– Заговорил, – усмехнулся Мцена. – Быстро он, однако, под бабским бочком.
– Живучий! Я таких иной раз поднимала. У иного не то что руки-ноги, а сердце во льду. А глядишь, пригреется и отойдет понемногу.
– С ним нужно будет побыть три ночи. Повыхаживать. Справишься?
– Дело нехитрое. Это лучше, чем пьяных рейтар ублажать. По два десятка за ночь. Тьфу.
– Вот и договорились.
– А ну как он очухается, когда тебя не будет, и пойдет прочь?

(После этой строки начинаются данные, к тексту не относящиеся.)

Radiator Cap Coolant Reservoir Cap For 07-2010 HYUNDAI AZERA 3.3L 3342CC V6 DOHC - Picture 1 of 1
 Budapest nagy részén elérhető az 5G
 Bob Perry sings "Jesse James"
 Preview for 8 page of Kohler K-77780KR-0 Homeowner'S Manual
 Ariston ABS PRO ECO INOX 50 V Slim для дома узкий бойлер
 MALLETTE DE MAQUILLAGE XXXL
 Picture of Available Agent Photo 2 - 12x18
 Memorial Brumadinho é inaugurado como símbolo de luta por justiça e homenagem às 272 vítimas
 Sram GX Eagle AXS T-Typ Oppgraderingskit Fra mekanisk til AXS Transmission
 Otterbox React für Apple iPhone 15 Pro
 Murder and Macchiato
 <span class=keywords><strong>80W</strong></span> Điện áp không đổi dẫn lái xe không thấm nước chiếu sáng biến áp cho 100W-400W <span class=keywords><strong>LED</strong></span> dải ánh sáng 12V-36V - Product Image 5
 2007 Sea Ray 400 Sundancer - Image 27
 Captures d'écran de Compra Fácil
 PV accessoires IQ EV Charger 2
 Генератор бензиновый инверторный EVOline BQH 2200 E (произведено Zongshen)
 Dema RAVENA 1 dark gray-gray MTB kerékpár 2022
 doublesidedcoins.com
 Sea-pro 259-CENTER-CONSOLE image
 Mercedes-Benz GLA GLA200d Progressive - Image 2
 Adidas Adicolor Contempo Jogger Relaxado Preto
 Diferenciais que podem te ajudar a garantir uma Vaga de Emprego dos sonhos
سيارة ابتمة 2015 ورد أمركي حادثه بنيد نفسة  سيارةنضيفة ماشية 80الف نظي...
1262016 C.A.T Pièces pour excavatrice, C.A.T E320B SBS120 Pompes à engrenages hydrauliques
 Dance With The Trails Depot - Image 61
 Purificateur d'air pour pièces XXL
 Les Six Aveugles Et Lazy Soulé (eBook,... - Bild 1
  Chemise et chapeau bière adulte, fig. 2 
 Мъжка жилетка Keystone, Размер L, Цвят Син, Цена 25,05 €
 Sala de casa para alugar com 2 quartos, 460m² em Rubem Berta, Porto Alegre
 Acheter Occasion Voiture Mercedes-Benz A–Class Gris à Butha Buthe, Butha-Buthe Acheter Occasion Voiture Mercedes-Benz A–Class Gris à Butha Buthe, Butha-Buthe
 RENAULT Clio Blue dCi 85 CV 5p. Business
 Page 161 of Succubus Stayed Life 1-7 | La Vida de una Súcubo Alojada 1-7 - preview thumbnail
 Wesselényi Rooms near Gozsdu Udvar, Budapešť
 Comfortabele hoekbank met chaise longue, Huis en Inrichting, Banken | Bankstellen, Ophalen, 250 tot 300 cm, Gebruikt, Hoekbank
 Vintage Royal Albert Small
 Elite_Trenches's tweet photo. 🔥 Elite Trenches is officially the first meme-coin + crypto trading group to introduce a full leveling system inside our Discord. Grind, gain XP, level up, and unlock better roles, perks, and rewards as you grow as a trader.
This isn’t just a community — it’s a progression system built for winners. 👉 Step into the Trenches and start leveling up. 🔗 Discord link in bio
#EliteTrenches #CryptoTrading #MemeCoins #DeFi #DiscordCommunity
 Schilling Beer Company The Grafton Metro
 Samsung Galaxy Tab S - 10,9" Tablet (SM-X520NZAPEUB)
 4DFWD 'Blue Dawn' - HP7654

– А не пойдет. Стрелять умеешь?
– На войне чему только не научишься.
– Тогда вот тебе пистоль. Заряжен. Держи в сухом месте. И еще, даром что палач… – Мцена достал ножные оковы. – Я сейчас ноги его скую, повешу замок, а ключ у меня будет. С ними далеко не уйдешь. Только до куста – опорожниться. Оставляю еду. Живите спокойно и мирно. А самому мне надолго из лагеря нельзя. Утром приду проведать.
В ответ Катрина молча кивнула и прижалась к Зубову еще сильнее.
Мцена вернулся до того, как отряд разведчиков во главе с Сосновским успел покинуть лагерь. Он незаметно прошмыгнул в свою палатку и зажег лучину. Вскоре на огонь отозвался голос разведчика:
– Пан Мцена, вы еще не спите?
– Как видите, пан Сосновский.
– Слышу, настроение у вас улучшилось. Не передумали? Может, с нами?
– Хорошо. – Мцена стал надевать кожаный доспех. – Но у меня, если хотите, условие.
– Хм. – Сосновский удивленно скривился. – Ладно. Валяйте.
– Мы не берем лошадей. Идем пешком.
– Потеряем много времени, Мцена. Нам нужно обогнуть половину Смоленска.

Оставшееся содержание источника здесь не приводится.